Lenis woolly bat
- Conservation status: Least Concern (IUCN 3.1)

Scientific classification
- Kingdom: Animalia
- Phylum: Chordata
- Class: Mammalia
- Order: Chiroptera
- Family: Vespertilionidae
- Genus: Kerivoula
- Species: K. lenis
- Binomial name: Kerivoula lenis Thomas, 1916

= Lenis woolly bat =

- Genus: Kerivoula
- Species: lenis
- Authority: Thomas, 1916
- Conservation status: LC

Species of mammal

The lenis woolly bat (Kerivoula lenis) is a species of bat in the family Vespertilionidae. It is found in South and Southeast Asia.

==Taxonomy and etymology==
It was described as a new species in 1916 by British zoologist Oldfield Thomas.
It was previously considered to be a specimen of K. papillosa. Its species name "lenis" is Latin for "soft."

== Description ==
The bats have russet brown dorsal pelage and gray brown ventral pelage.

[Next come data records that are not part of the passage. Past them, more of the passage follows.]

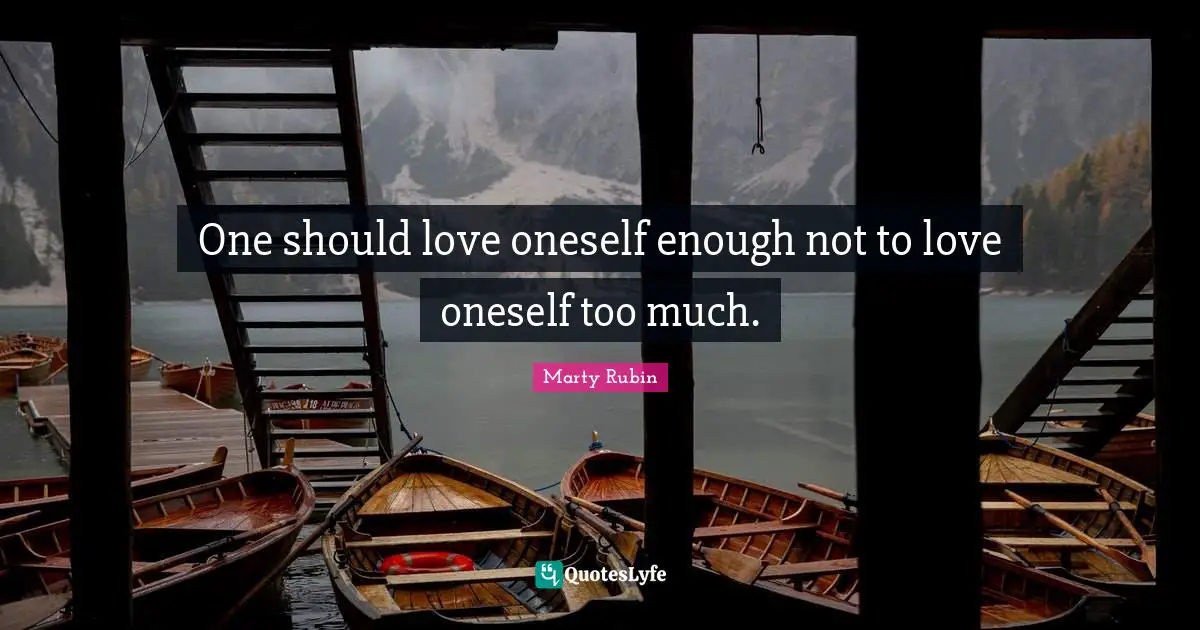 One should love oneself enough not to love oneself too much.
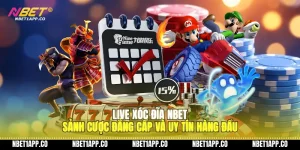 live xoc dia nbet sanh cuoc dang cap va uy tin hang dau 01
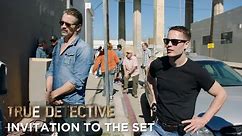 True Detective Season 2: Invitation to the Set (HBO)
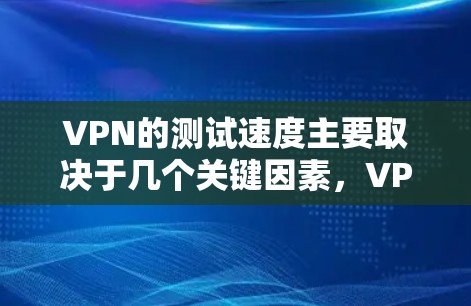 VPN的测试速度主要取决于几个关键因素，VPN的技术参数、使用的加密算法以及网络环境。以下是对这些因素的分步总结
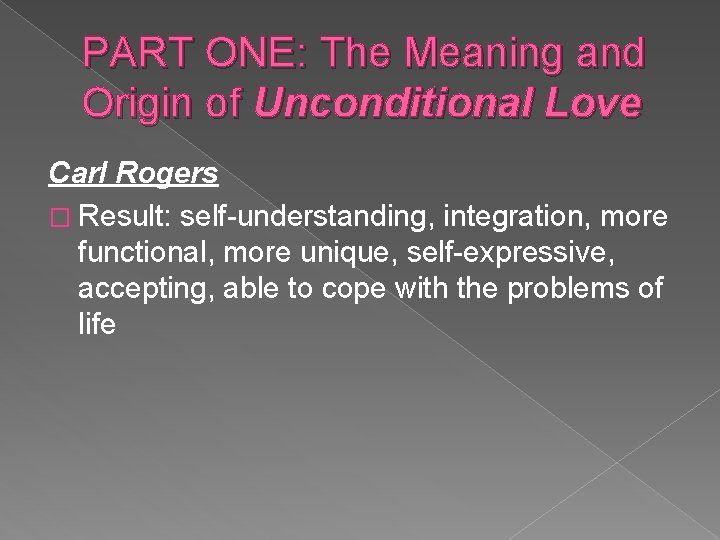 PART ONE: The Meaning and Origin of Unconditional Love Carl Rogers � Result: self-understanding,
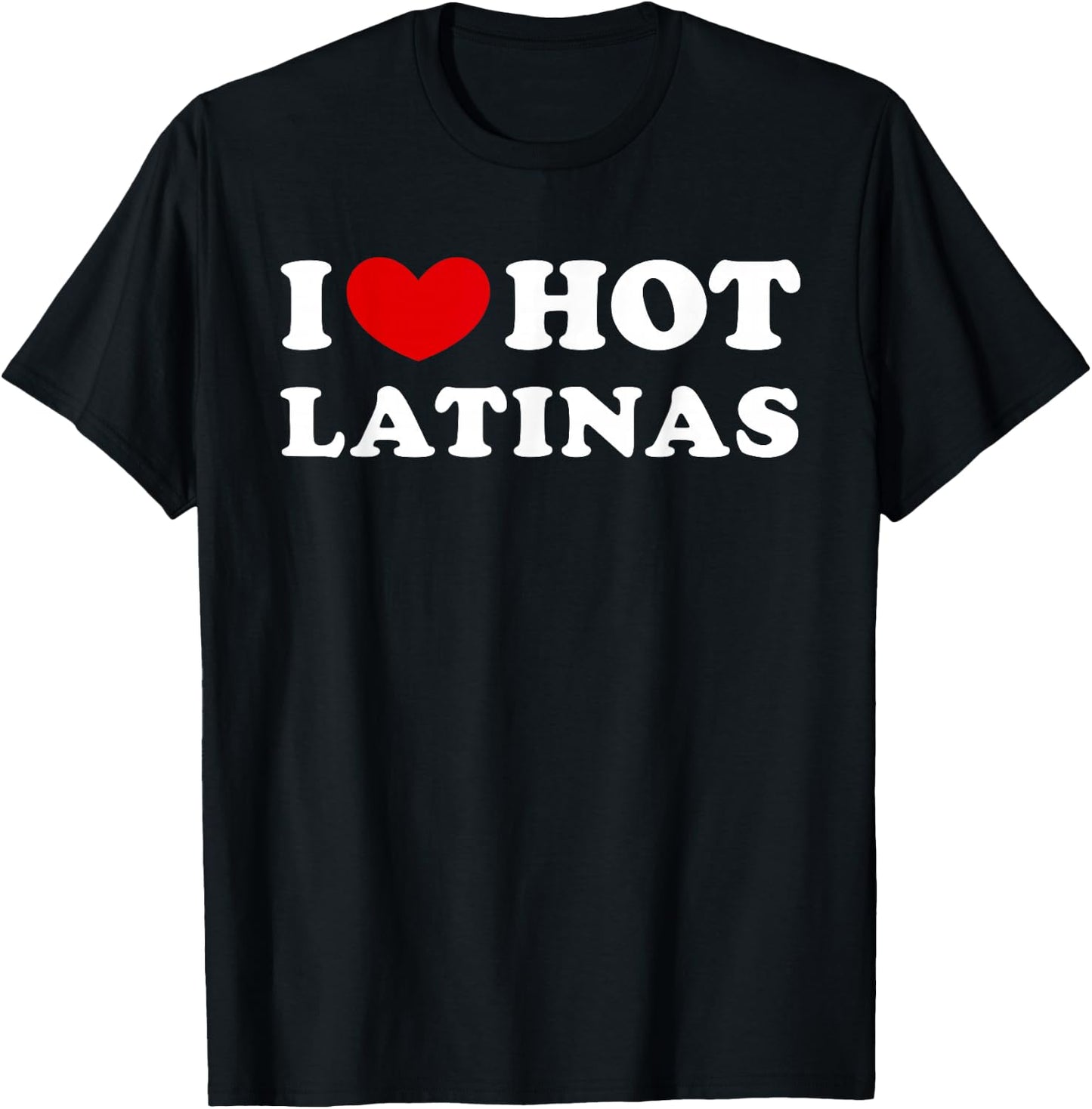 I Love Hot Latinas, I Heart Hot Latinas Small T-Shirt - T-Shirt | Black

The species has a forearm length of 37.2-40.2 mm.

==Range and habitat==
It is found in Tamil Nadu in India, and the Malaysian and Indonesian portions of Borneo.

It has been observed in forest understories.

== Conservation ==
The bat has been assessed by the IUCN as least-concern due to its large range, presumed large population, and lack of significant population decline.

It is known to occur in some protected areas in Borneo.